Author: Julia Donaldson
Longing to see the world, a tiny snail hitches a lift on the tail of a humpback whale. Together they go on an amazing adventure – but when the whale gets beached, what will the snail do? Follow the tiny snail’s exciting journey around the world…
Here are my top The Snail and the Whale activities you can do with your child to help support his/her speech & language development:
1. Due to the number of rhyming words in this story it makes it the perfect opportunity to work on your child’s awareness of rhyming words. When you initially read the book, you can place an emphasis on the rhyming words on each page.

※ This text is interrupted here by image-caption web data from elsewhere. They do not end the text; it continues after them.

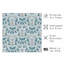 Motif botanique floral bohémien sans cadre-81838932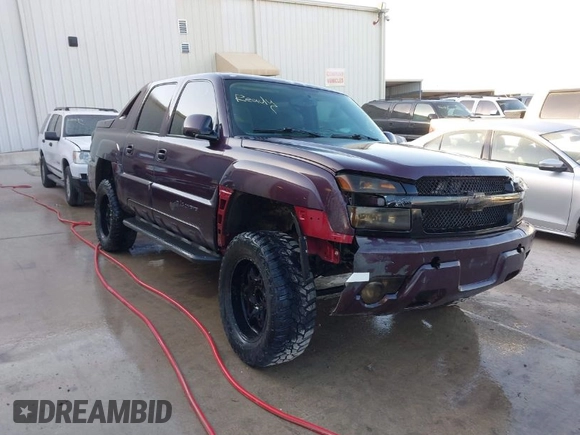2004 Chevrolet Avalanche with VIN 3GNEC12T94G262585, listed as a IAAI auction lot 41994258 with 174,707 mi miles and . Bid and sale history available at DreamBid. Image 1.
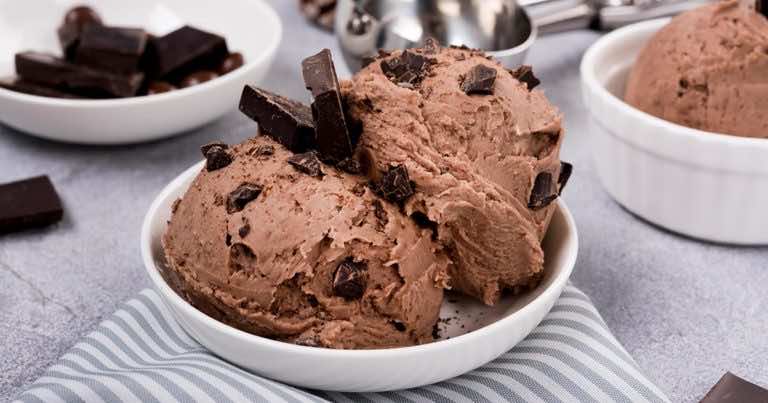 Prosty przepis na lody czekoladowe bez jajek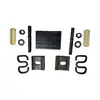 Accesorios de mantenimiento de vías férreas, incluyendo clips para rieles de 43 kg/m y accesorios de conexión, hechos de hierro fundido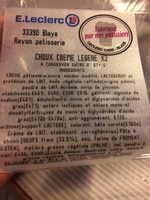Choux creme legere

For example, on the first page you could say:
“This is a tale of a tiny snail
and a great big, grey-blue humpback whale
This is a rock as black as soot,
and this is a snail with an itchy foot.
On your second and third readings of the story you can point out the rhyming words as you come across them e.g. “Listen. ‘dock’ sounds like ‘rock’. ‘dock’ and ‘rock’ rhyme. The end of the words sound the same”.

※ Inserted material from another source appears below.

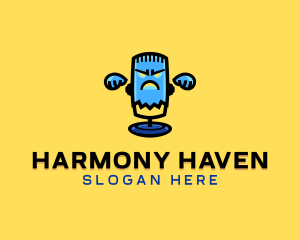 Harmony - Ghost Microphone Podcast logo design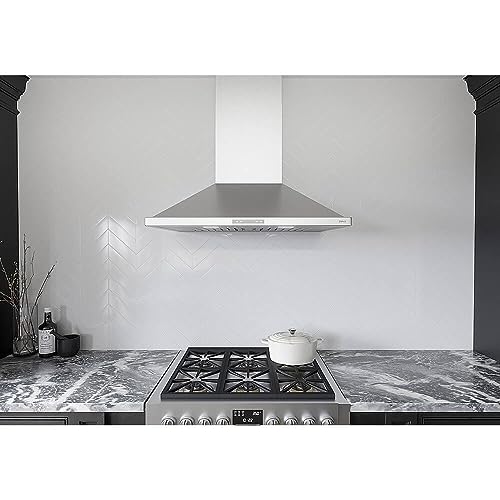 Zephyr ZVE-E30DS Zve-E30D Venezia 200-700 Cfm 30 Inch Wide Wall Mounted Range Hood thumb #3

I’ve made a rhyming game for you to play with your child based on the words in the book. Print the FREE resource below and cut up the pictures. Encourage your child to find the words that rhyme. You can explain to them that you are looking for words that sound the same at the end, but remind them that these words might not be spelt the same.
When your child is consistently able to recognise the rhyming words in the story you can then encourage him or her to come up with a word. You can say “Can you think of another word that rhymes with ‘foot’ and ‘put’?”.

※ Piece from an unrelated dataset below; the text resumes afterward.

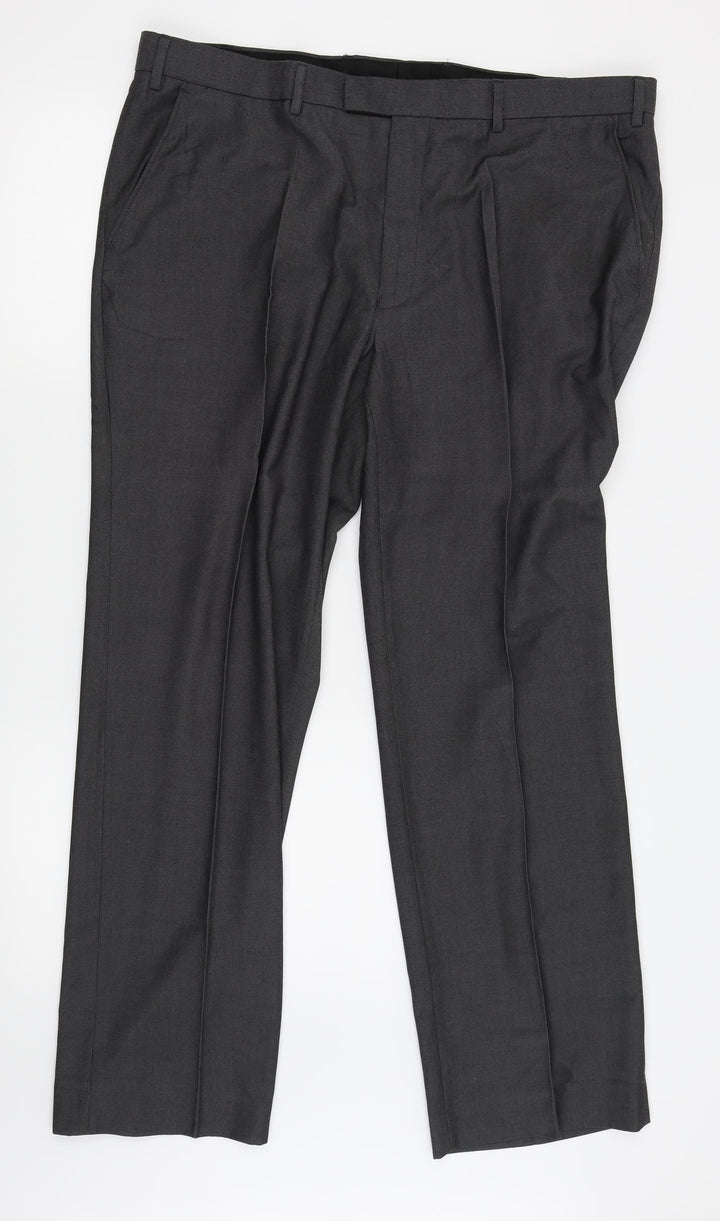 F&F Womens Grey Trousers Size 40 in L31 in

2. Due to the clear sequence of events throughout this story it makes it the perfect story to work on your child’s narrative/story telling skills.
Encourage your child to tell you what happened in the story focusing on the following elements:
- What doing?
I’ve included some FREE pictures that you can use to remind your child of elements from the story.
3. Pan Macmillan Publishers have produced these wonderful colouring/ activity sheets for you to do with your child. You can turn these into language activities by printing a copy for both you and your child and giving each other instructions to follow e.g. “fold the paper in half” “colour the teacher’s hair blue”. This will support your child to give and follow instructions containing multiple steps
I hope you and your child love this story as much as I do. I’d love to know which of the activities you enjoyed the most, please let me know in the comments below.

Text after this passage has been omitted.